TRY IT
Copy nothing but the lines below, from the one with "What is a virus" through the one with "Conjunto de ropa", exactly as written; no pictures should appear.

DATA FOR ANALYSIS
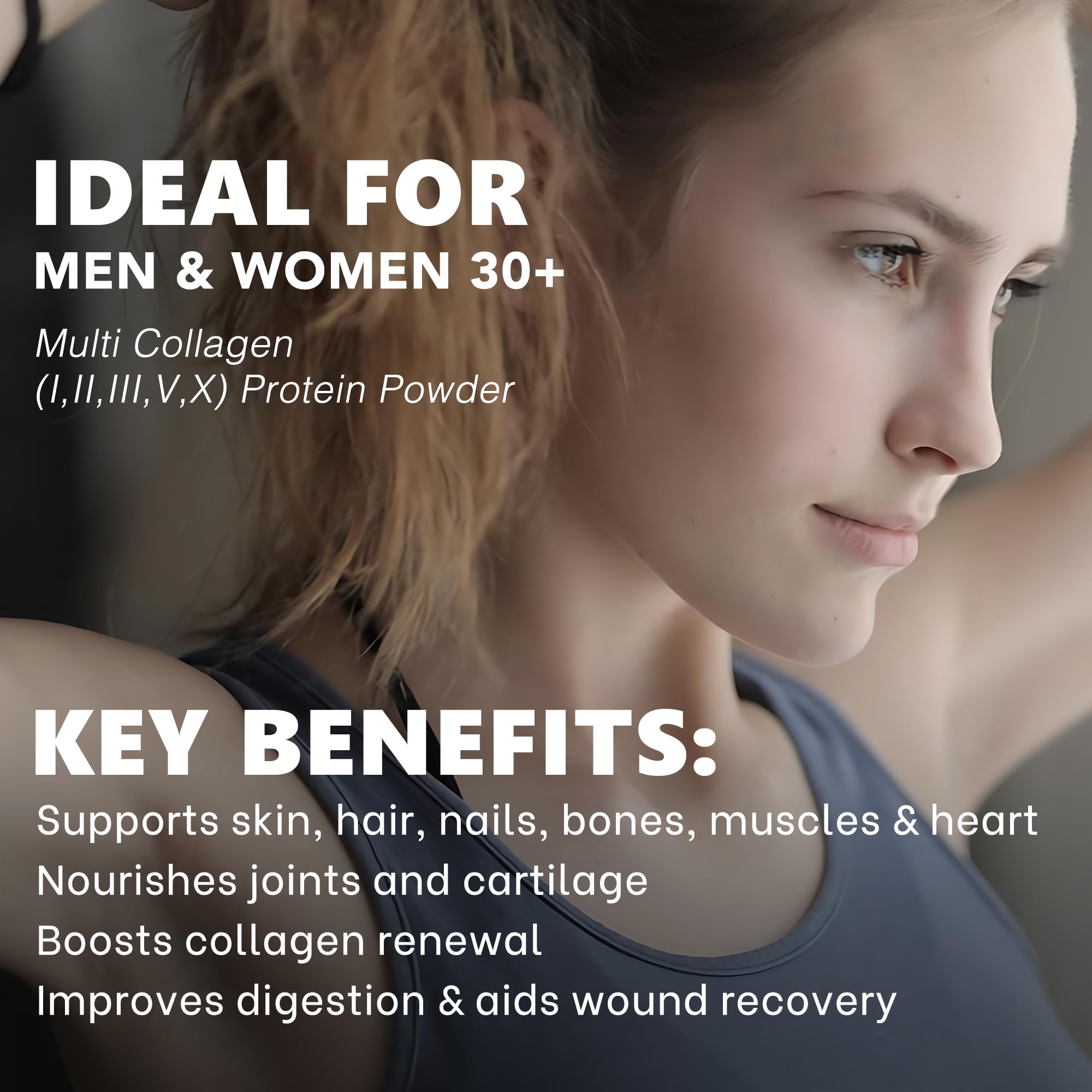 Zammex Multi Collagen Protein Powder, Type I & III & V & X, Hydrolyzed Collagen Peptides for Women & Men, Supports Hair and Skin, Gut Health, 41 Servings, Chocolate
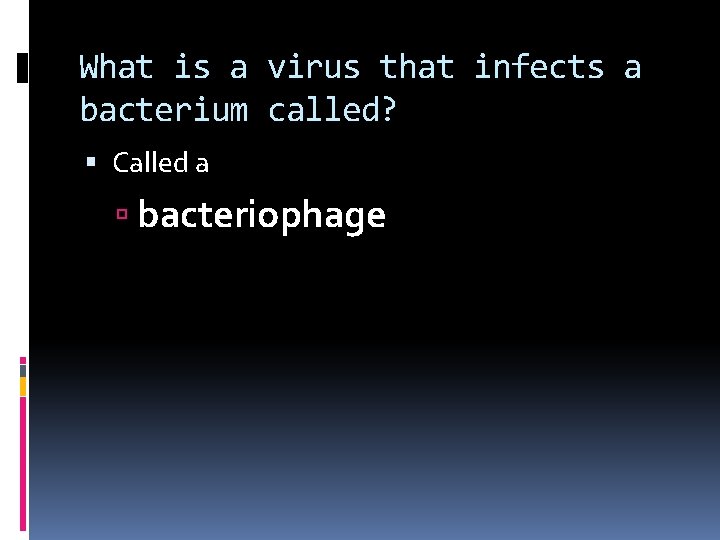 What is a virus that infects a bacterium called? Called a bacteriophage 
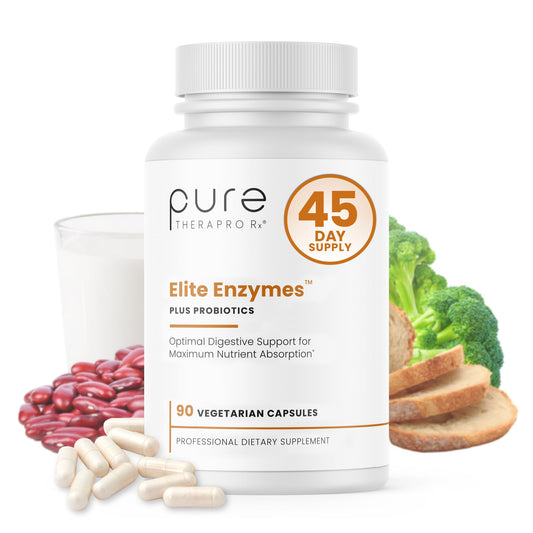 Bottle of Pure TheraPro Rx Elite Enzymes Extra Strength Digestive Enzymes Supplement - front view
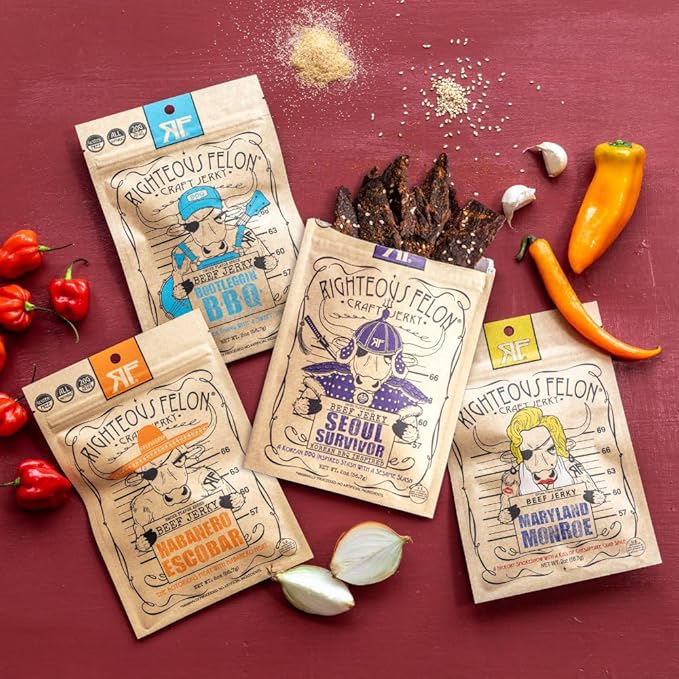 Righteous Felon Beef Jerky Variety Pack | Gluten Free Snack Packs for Adults | High Protein, Keto, Low Sugar | Made with Premium Meats | Valentines Day Gifts for Men | Spicy Jerky 4 Pack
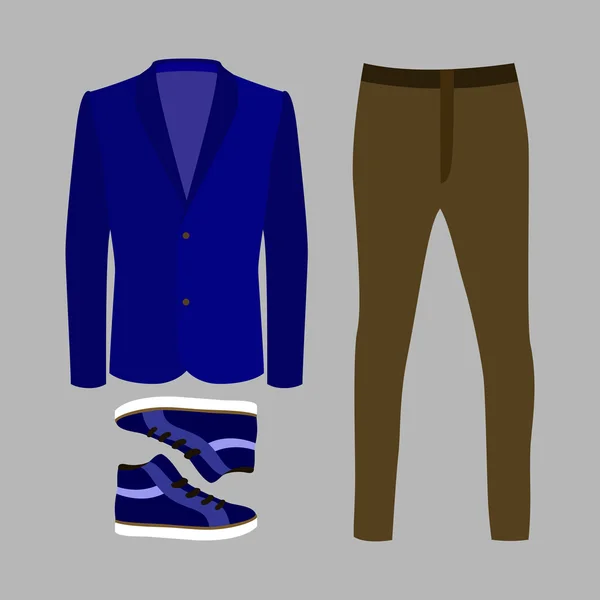 Conjunto de ropa de hombre de moda con pantalones marrones, chaqueta azul y sn — Archivo Imágenes Vectoriales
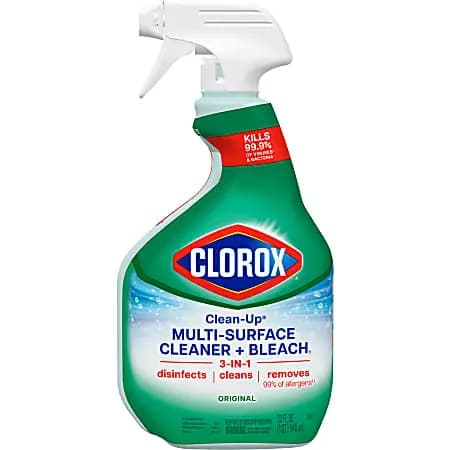 Clorox Clean-Up Multi-Surface Cleaner with Bleach, Original, Spray Bottle, 32 Fluid Ounces (01204) [color Clear, Number Of Containers 1, Size (container) 32 oz, antibacterial Yes]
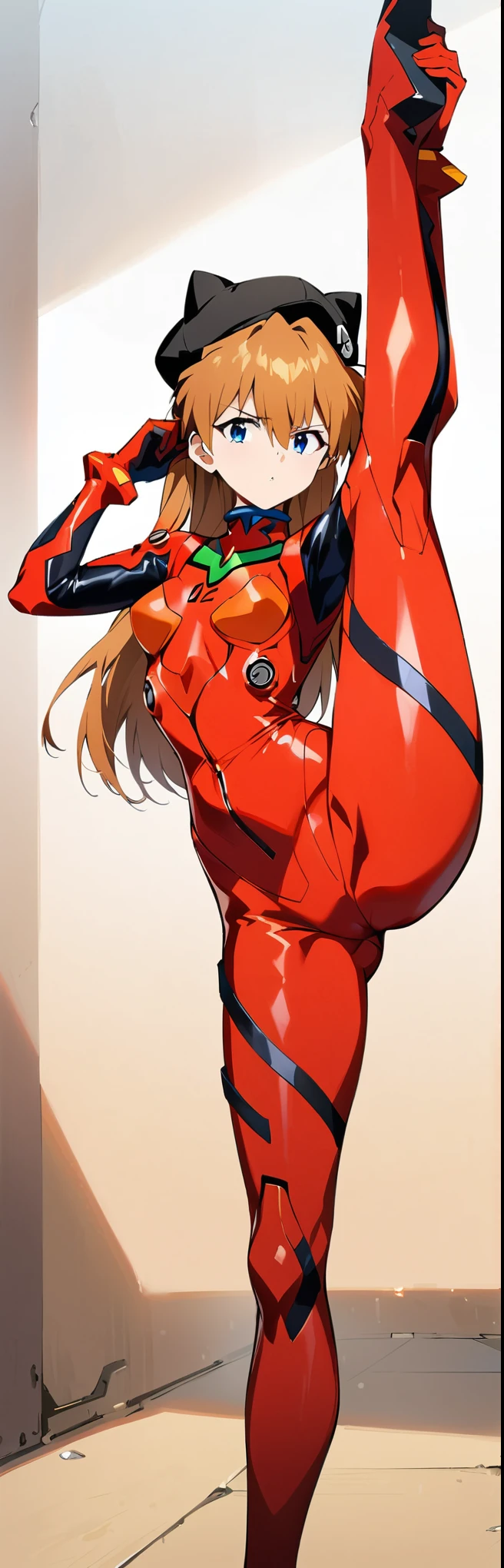 (masterpiece, best quality:1.2), 1girl, solo,standing_split, souryuu asuka langley, neon genesis evangelion, rebuild of evangelion, lance of longinus, cat hat, plugsuit, pilot suit, red bodysuit,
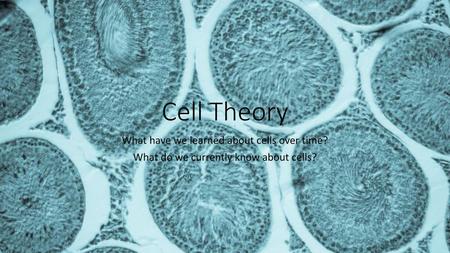 Cell Theory What have we learned about cells over time?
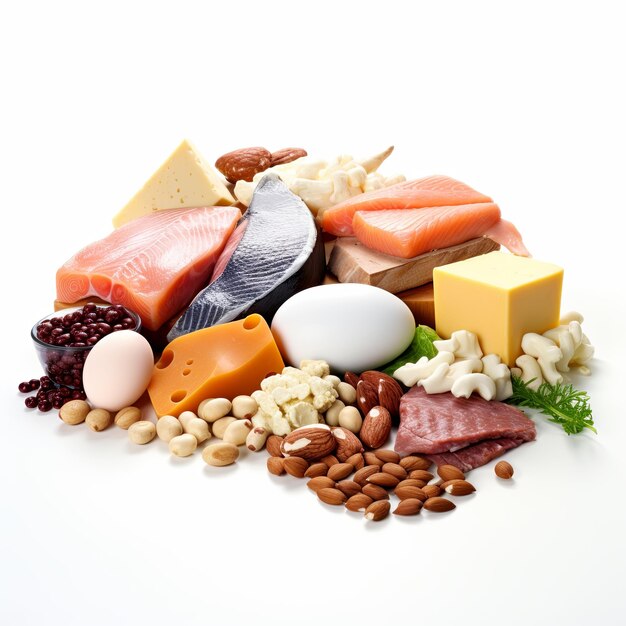 a picture of carbohydrates protein fat and energy food on white background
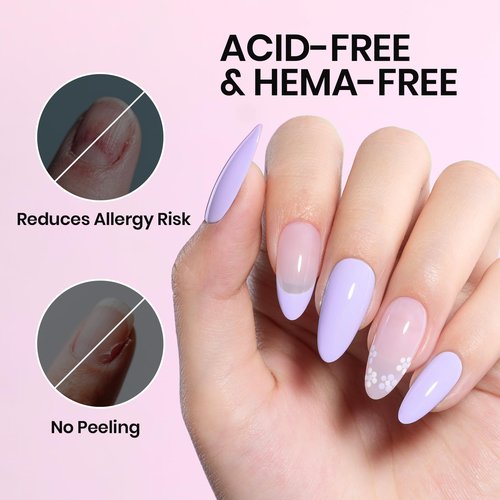 Beetles 15ml Protein Nail Prep Dehydrator and Primer nail Set - 2PCS Hema-Free & Acid Free Nail Bond Protein Prep Kit for Gel Nail Polish Acrylic Nail Supplies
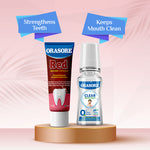 Load image into Gallery viewer, Orasore Red Toothpaste & Mouthwash Duo | 100g Paste with Free Bamboo Toothbrush  | Colorless Clear 100ml Mouthwash | Anti-Sensitivity, Anti-Bacterial, Anti-Oxidant & Anti-Inflammatory | Perfect Teeth Protection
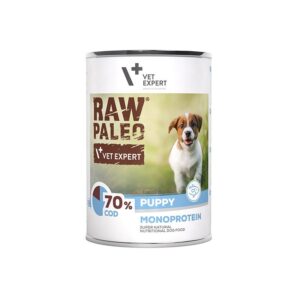 RAW PALEO Puppy Monoprotein Cod - šlapias maistas šuniukams - 400 g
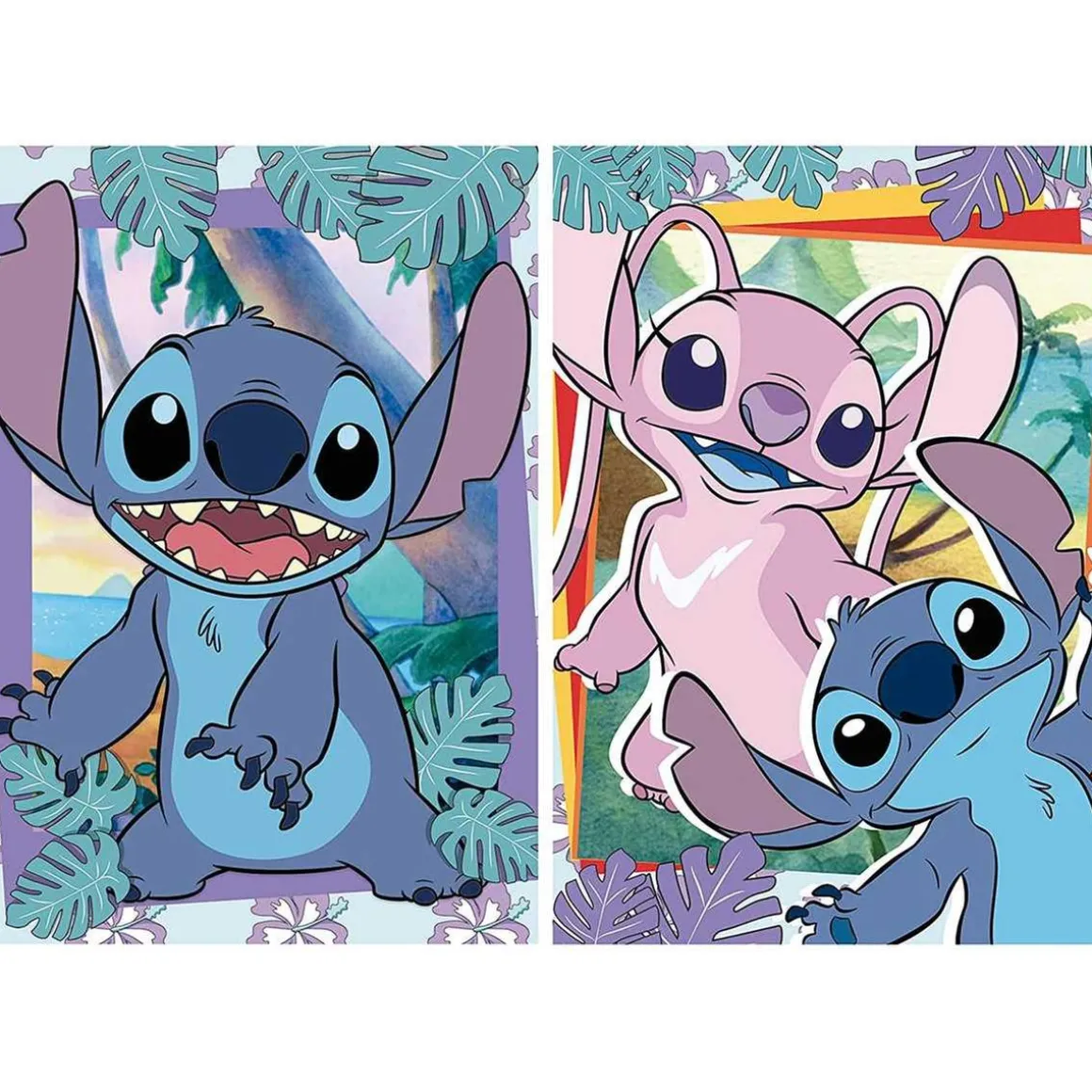 Pack de 2 puzzles de 500 piezas con imágenes de Stitch y cola Fix Puzzle, 34 x 48 cm (19732) ㅤ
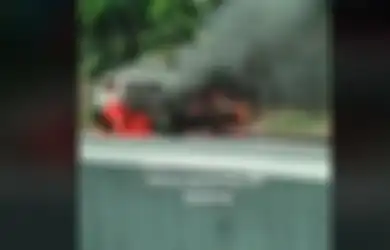 Viral di TikTok, Sebuah Mobil Terbakar di Tol Cipularang, Pria yang Diduga Pemilik Mobil Pilih Lakukan Hal Ini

ANSWER TO THE EXERCISE
 What is a virus that infects a bacterium called? Called a bacteriophage 
 Bottle of Pure TheraPro Rx Elite Enzymes Extra Strength Digestive Enzymes Supplement - front view
 Righteous Felon Beef Jerky Variety Pack | Gluten Free Snack Packs for Adults | High Protein, Keto, Low Sugar | Made with Premium Meats | Valentines Day Gifts for Men | Spicy Jerky 4 Pack
 Conjunto de ropa de hombre de moda con pantalones marrones, chaqueta azul y sn — Archivo Imágenes Vectoriales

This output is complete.